Je ne raisonnerai pas en termes de consommation ; je préfère m’intéresser à la protection des chômeurs. Celle-ci laisse à désirer. L’accord signé récemment n’est pas à la hauteur de ce qui nous menace. Il n’y a que 60 % des chômeurs qui sont pris en charge. L’indemnisation des chômeurs doit être améliorée. L’assurance chômage en France est vraiment bizarre car elle indemnise beaucoup certains, quand d’autres en sont purement et simplement exclus. Il faut aussi mettre des moyens sur la formation des chômeurs. L’accord sur la formation professionnelle semble aller dans le bon sens. Mais les financements seront-ils présents au-delà des déclarations d’intention ? A côté du plan de relance, il faut un second volet : mieux couvrir et former les chômeurs. L’Europe pourrait avoir un rôle moteur en participant au financement. Je pense au fonds d’action social européen.

"Le Smic protège les mal payés"
Dans le plan, il y a une mesure qui exonère les entreprises de moins de 10 salariés de charges sociales. Cela aura-t-il un effet ?
C’est une addiction française. J’ai des doutes sur l’efficacité de ces mesures. Les TPE n’ont pas de structures solides, leur marché est souvent mal défini, leur structure incertaine. L’exonération de charges sociales sur les heures supplémentaires est-elle contre-productive dans le contexte actuel ? Ont-elles aggravé le chômage ?

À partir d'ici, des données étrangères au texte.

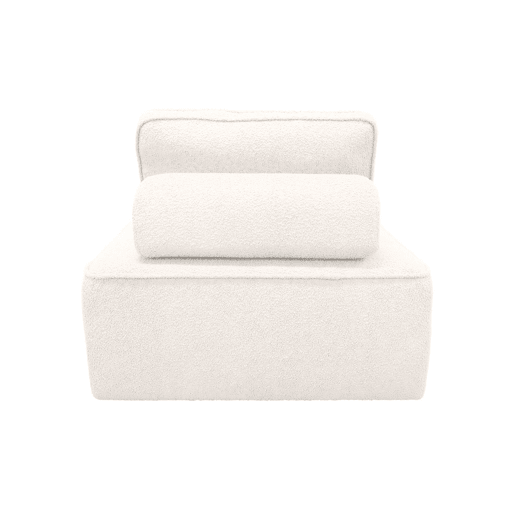 Módulo para sofá modular em boucle, 1 lugar, Bao, Creme, 90x90x74 cm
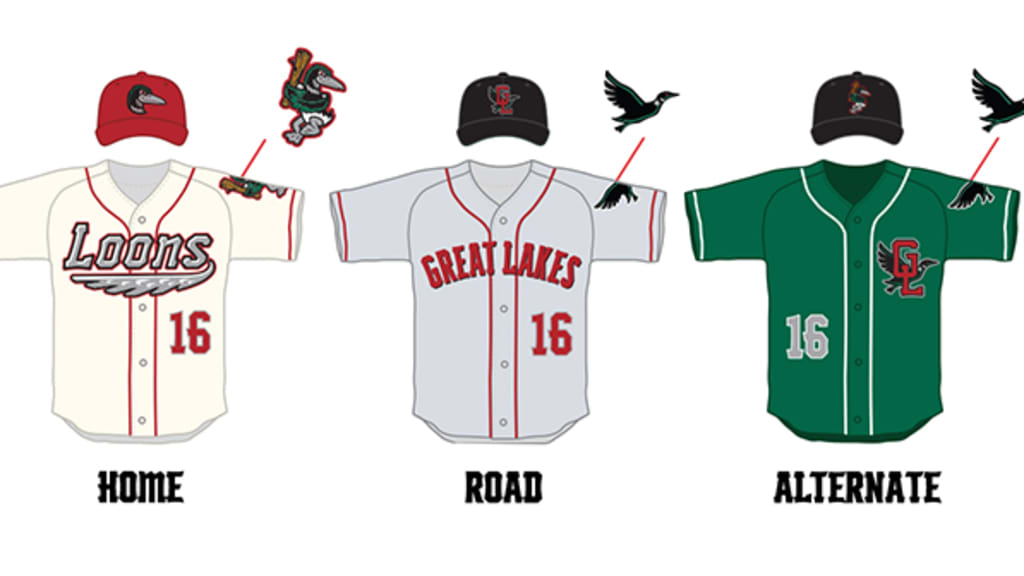 Great Lakes loons deals team issued jersey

Elles ont eu un effet. Elles ont modifié l’ordre de l’ajustement. Traditionnellement, quand la conjoncture se dégrade, les entreprises commencent par supprimer les heures supplémentaires, puis les intérimaires et les CDD. Après, elles passent au licenciement. Là, elles ont commencé par les intérimaires, suivis des CDD. Indirectement, on a surexposé les plus précaires. Il y a d’autres paradoxes. Les 35 heures et le Smic ont des effets bénéfiques.  Les premières permettent de moduler les horaires, ce qui donne de la souplesse aux entreprises en période de crise. On l’a oublié, mais c’est un formidable outil de flexibilisation. Le Smic protège les mal payés, il évite la course vers les bas salaires et l’entrée dans une spirale déflationniste où on paie moins bien les gens pour faire face à la crise. Moins bien payés, ils consomment moins. Cela réduit la demande. Après rien n’est définitif en économie. Dans six mois, rien ne dit que le smic ne sera pas un obstacle au redémarrage.
Propos recueillis par Christophe Bys le 4 février 2009 avant l’intervention du président de la République.